# [Exercise brief]
Below are some entries. Transcribe the lines from the one holding "After the download" to the one holding "Hello everyone, in", inclusive, but not the pictures among them.

Saved entries:
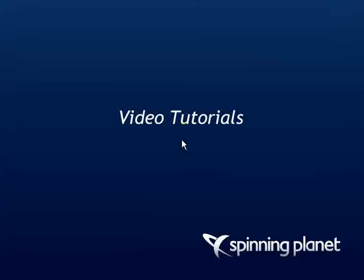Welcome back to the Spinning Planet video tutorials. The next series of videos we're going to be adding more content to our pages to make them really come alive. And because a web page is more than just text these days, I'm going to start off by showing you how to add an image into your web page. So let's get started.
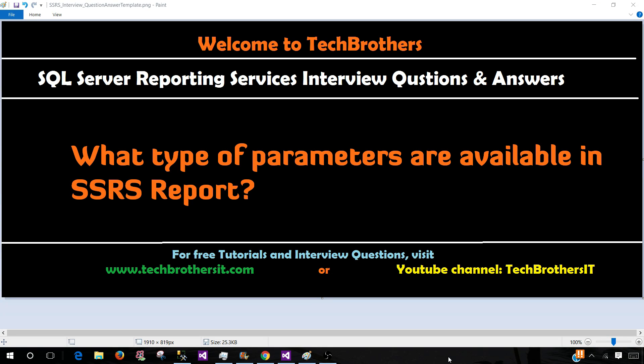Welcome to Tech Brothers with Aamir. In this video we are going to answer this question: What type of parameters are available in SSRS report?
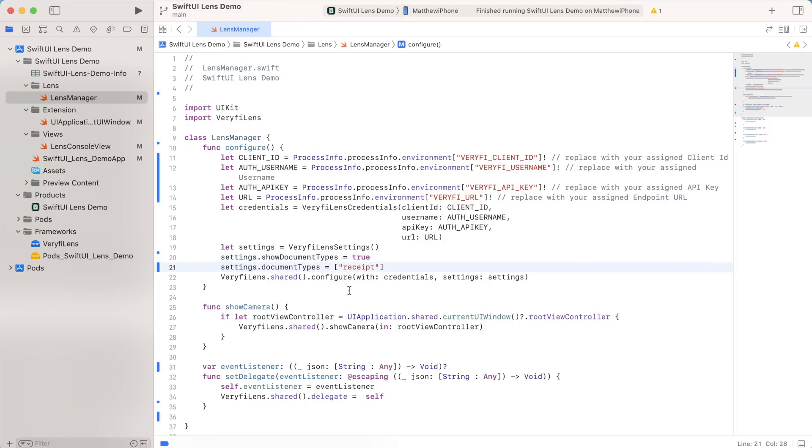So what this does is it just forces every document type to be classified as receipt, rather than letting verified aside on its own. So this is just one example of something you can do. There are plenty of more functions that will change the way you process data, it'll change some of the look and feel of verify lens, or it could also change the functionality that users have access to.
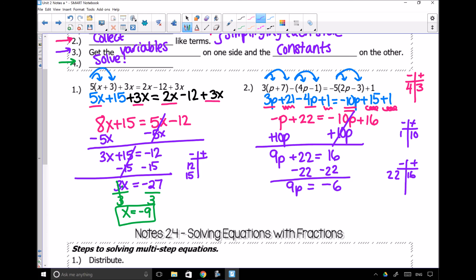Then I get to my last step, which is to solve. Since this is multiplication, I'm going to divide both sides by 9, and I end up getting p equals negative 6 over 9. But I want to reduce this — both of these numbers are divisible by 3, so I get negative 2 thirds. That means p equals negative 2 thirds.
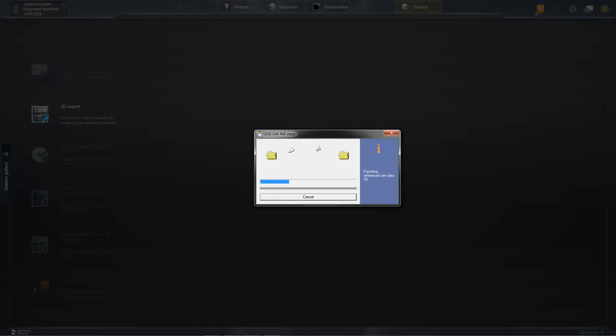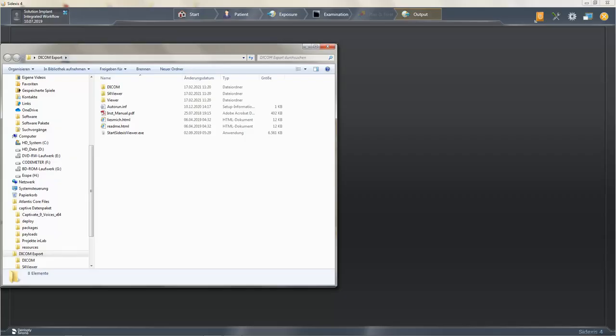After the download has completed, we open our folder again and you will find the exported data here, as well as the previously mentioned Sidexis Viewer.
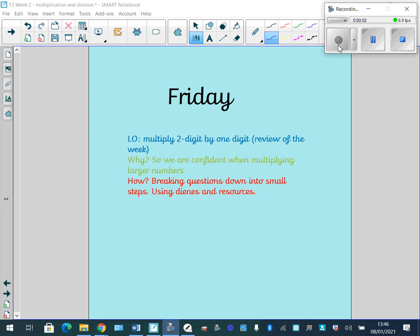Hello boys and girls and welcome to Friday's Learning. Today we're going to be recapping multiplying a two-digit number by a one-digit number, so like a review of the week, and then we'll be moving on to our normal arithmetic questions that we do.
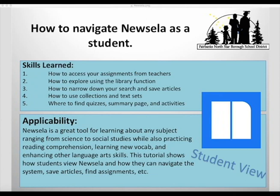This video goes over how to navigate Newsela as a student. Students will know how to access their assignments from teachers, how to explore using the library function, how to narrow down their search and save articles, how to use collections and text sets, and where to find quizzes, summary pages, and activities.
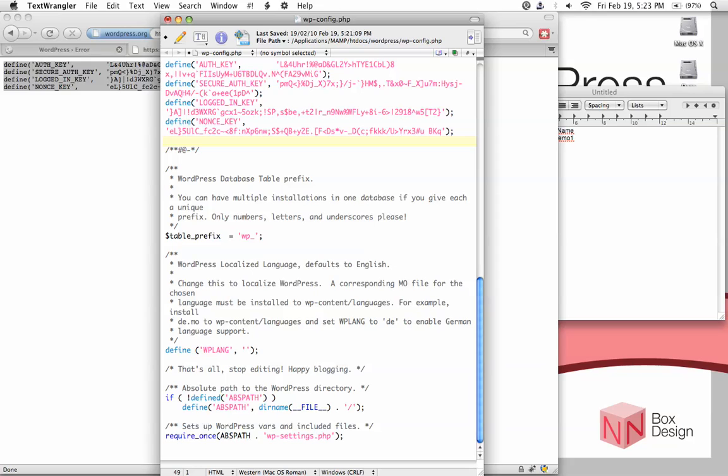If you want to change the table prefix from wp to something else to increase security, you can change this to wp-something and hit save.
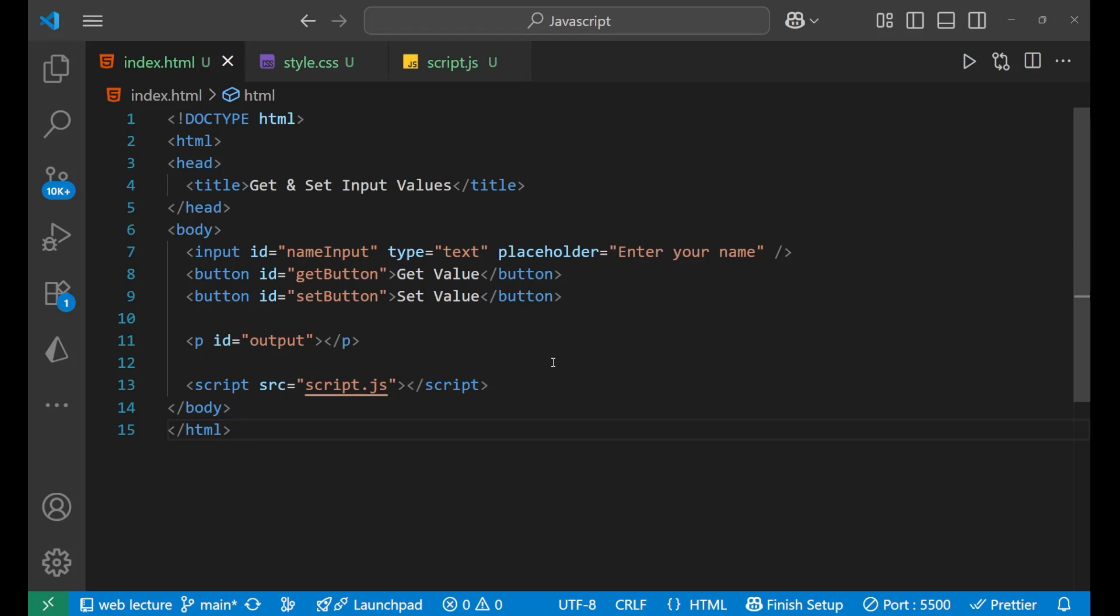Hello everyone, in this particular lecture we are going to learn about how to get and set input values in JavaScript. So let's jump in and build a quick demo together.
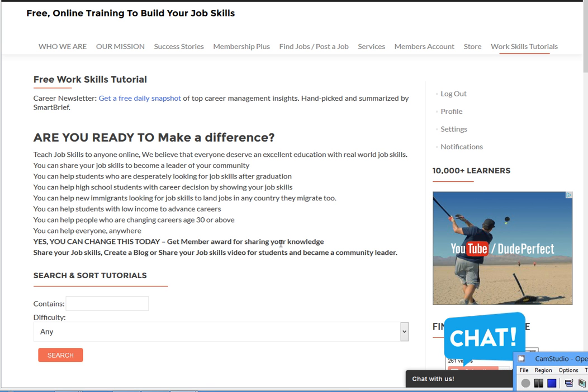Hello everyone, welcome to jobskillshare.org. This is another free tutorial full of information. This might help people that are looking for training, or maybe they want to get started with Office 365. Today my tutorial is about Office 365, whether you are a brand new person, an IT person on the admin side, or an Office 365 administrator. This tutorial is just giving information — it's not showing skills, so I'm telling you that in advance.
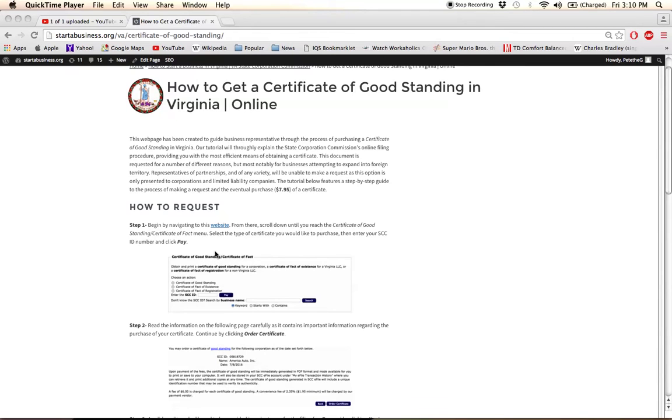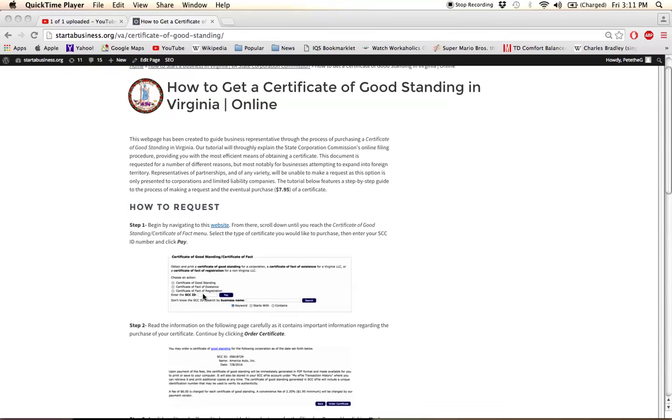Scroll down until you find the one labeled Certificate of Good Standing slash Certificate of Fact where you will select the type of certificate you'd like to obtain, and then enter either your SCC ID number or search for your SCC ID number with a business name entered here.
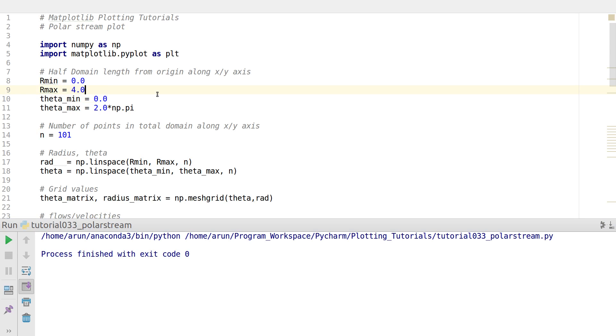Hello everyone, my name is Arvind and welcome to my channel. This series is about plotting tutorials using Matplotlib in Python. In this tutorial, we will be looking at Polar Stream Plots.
--
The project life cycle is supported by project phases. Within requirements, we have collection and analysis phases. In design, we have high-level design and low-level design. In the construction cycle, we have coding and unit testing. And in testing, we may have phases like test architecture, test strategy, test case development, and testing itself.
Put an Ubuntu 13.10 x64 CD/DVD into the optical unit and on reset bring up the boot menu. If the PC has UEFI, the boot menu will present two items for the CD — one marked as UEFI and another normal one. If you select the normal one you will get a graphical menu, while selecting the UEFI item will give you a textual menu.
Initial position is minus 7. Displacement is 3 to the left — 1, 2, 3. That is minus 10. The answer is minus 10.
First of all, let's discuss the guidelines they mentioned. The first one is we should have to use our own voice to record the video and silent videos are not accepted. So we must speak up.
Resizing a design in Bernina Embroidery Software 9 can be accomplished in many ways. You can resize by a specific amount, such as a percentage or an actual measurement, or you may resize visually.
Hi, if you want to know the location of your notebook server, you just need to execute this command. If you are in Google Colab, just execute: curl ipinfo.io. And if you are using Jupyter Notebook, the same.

# [Response below]
After the download has completed, we open our folder again and you will find the exported data here, as well as the previously mentioned Sidexis Viewer.
Hello boys and girls and welcome to Friday's Learning. Today we're going to be recapping multiplying a two-digit number by a one-digit number, so like a review of the week, and then we'll be moving on to our normal arithmetic questions that we do.
This video goes over how to navigate Newsela as a student. Students will know how to access their assignments from teachers, how to explore using the library function, how to narrow down their search and save articles, how to use collections and text sets, and where to find quizzes, summary pages, and activities.
If you want to change the table prefix from wp to something else to increase security, you can change this to wp-something and hit save.
Hello everyone, in this particular lecture we are going to learn about how to get and set input values in JavaScript. So let's jump in and build a quick demo together.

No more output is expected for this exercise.